What to produce:
The answer should be each line of the records that contains the word "Nissan"; please copy them all.

Input records:
┌────────
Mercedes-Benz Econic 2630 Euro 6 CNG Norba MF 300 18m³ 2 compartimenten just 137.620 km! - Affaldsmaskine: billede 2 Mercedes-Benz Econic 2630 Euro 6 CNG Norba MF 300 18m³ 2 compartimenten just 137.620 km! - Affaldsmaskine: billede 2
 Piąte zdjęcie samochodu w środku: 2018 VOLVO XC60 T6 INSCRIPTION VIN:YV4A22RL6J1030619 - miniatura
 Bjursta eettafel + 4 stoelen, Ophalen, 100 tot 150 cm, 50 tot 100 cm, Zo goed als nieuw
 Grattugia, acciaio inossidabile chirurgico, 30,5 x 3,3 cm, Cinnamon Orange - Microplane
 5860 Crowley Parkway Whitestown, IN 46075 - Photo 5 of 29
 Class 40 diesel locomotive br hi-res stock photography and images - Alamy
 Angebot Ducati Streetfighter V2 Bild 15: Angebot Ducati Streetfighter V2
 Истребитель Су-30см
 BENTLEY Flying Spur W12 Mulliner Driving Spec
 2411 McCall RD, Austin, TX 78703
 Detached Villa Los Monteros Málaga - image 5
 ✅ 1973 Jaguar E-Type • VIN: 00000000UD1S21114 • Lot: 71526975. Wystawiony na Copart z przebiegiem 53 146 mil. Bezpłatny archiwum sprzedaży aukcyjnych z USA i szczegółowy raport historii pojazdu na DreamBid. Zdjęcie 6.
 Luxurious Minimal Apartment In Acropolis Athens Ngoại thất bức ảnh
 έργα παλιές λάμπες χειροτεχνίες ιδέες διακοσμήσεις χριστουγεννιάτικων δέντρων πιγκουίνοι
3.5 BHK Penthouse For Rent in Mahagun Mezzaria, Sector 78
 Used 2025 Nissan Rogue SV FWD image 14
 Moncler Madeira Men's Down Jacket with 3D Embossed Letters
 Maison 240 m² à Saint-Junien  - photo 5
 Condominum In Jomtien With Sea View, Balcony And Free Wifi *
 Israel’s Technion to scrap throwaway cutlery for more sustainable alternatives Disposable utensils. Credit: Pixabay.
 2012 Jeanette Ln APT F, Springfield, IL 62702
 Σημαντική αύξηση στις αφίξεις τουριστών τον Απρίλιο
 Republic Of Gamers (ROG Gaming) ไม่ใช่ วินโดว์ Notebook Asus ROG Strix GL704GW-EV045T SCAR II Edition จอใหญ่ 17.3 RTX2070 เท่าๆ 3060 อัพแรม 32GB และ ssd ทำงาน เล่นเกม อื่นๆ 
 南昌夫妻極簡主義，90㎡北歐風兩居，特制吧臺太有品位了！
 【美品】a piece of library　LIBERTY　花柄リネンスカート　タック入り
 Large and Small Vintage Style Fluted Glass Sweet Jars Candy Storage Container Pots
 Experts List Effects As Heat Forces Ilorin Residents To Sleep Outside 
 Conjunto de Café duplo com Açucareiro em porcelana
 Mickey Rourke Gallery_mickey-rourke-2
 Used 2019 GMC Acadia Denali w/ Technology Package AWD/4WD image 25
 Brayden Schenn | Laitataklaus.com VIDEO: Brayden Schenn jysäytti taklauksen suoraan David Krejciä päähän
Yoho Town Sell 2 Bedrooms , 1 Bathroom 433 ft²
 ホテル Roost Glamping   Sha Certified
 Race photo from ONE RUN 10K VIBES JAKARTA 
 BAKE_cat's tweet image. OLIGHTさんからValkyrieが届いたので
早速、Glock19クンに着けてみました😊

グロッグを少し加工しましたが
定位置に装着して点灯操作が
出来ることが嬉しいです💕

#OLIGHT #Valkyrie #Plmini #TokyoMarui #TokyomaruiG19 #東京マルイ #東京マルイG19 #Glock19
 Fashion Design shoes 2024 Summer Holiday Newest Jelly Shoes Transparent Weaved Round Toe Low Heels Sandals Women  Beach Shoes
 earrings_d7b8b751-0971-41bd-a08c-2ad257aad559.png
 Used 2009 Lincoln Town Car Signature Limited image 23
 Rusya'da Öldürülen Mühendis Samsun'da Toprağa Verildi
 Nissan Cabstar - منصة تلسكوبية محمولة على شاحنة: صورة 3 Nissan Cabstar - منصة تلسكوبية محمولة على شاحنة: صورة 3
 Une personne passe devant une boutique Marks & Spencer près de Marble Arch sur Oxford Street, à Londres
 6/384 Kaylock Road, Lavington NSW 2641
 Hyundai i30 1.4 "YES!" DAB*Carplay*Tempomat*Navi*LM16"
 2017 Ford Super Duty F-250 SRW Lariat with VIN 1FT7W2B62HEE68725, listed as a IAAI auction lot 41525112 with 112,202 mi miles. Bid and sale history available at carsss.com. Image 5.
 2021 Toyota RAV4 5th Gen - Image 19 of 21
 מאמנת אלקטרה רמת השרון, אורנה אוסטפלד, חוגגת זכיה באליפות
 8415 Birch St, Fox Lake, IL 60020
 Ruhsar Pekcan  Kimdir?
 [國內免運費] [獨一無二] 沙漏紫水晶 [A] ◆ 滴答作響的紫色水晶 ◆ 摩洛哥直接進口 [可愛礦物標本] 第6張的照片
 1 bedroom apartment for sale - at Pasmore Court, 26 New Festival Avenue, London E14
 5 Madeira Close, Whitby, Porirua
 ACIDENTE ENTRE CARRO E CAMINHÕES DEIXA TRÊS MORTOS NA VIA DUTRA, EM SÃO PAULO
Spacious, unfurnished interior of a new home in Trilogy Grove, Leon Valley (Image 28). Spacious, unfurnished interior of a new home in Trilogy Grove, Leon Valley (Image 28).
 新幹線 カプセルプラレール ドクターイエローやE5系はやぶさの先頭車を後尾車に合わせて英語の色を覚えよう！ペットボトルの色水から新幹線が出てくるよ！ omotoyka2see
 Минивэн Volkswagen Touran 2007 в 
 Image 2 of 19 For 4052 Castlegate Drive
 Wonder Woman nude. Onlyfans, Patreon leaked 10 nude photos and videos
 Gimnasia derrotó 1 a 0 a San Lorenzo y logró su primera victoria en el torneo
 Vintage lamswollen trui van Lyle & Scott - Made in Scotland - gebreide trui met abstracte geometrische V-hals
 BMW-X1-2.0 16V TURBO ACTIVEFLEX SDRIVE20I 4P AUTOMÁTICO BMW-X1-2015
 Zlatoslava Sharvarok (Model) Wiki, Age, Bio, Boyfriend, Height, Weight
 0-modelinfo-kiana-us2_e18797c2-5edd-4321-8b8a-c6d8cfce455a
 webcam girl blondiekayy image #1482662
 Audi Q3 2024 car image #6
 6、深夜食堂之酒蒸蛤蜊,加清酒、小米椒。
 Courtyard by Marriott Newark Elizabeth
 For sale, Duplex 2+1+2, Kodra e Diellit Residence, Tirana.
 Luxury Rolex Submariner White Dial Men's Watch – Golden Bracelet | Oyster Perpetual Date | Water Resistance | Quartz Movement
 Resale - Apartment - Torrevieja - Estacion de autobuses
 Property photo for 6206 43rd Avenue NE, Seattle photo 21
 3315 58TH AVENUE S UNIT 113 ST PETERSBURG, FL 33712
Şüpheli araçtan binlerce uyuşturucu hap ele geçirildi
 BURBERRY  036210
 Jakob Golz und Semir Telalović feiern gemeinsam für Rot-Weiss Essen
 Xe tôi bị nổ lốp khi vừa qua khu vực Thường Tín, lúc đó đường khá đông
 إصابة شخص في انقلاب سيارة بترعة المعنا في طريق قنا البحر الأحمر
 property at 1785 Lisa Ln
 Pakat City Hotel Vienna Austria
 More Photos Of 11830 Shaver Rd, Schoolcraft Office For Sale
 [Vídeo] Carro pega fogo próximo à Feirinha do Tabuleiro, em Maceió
└────────
Solution to this problem:
 Used 2025 Nissan Rogue SV FWD image 14
 Nissan Cabstar - منصة تلسكوبية محمولة على شاحنة: صورة 3 Nissan Cabstar - منصة تلسكوبية محمولة على شاحنة: صورة 3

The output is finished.